• _THE DATA_:
BEGIN
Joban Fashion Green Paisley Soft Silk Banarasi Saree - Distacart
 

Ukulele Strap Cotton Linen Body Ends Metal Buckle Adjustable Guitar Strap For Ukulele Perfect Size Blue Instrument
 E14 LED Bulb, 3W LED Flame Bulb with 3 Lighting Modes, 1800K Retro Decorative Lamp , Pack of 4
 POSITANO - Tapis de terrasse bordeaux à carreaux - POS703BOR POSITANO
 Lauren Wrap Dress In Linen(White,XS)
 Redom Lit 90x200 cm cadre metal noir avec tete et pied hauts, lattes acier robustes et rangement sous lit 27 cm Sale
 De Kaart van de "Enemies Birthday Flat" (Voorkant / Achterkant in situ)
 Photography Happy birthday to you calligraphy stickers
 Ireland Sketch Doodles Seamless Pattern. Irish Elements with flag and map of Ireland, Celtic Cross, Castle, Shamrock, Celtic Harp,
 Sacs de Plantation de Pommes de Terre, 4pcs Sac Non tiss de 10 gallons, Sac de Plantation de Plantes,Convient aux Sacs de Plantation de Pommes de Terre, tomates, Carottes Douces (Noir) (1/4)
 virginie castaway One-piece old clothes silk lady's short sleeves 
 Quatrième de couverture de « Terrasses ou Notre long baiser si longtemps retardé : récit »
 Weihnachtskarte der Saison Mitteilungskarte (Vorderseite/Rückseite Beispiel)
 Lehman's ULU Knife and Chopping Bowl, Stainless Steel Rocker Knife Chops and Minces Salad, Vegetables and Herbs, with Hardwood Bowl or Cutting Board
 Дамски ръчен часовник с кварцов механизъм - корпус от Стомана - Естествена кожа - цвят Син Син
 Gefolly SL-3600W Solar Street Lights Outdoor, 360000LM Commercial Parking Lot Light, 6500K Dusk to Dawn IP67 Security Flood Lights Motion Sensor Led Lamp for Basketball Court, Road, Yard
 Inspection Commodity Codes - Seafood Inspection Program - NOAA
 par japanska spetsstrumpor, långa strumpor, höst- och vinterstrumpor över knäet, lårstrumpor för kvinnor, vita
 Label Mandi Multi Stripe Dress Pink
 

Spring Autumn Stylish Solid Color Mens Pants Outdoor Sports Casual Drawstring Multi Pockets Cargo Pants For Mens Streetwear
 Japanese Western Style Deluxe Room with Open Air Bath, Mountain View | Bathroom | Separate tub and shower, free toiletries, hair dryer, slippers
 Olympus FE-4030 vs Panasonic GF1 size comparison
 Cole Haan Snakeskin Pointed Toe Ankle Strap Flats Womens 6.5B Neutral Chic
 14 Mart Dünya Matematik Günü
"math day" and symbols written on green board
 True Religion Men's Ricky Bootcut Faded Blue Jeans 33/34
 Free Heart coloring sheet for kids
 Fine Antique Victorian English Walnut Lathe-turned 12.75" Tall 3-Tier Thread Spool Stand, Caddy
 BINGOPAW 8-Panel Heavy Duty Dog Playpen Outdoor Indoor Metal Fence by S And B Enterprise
END
• _HOW TO COMPLETE THIS TASK_: Scan the material above and copy every line that holds the string "Dress".

• _ANSWER TO THIS TASK_:
 Lauren Wrap Dress In Linen(White,XS)
 Label Mandi Multi Stripe Dress Pink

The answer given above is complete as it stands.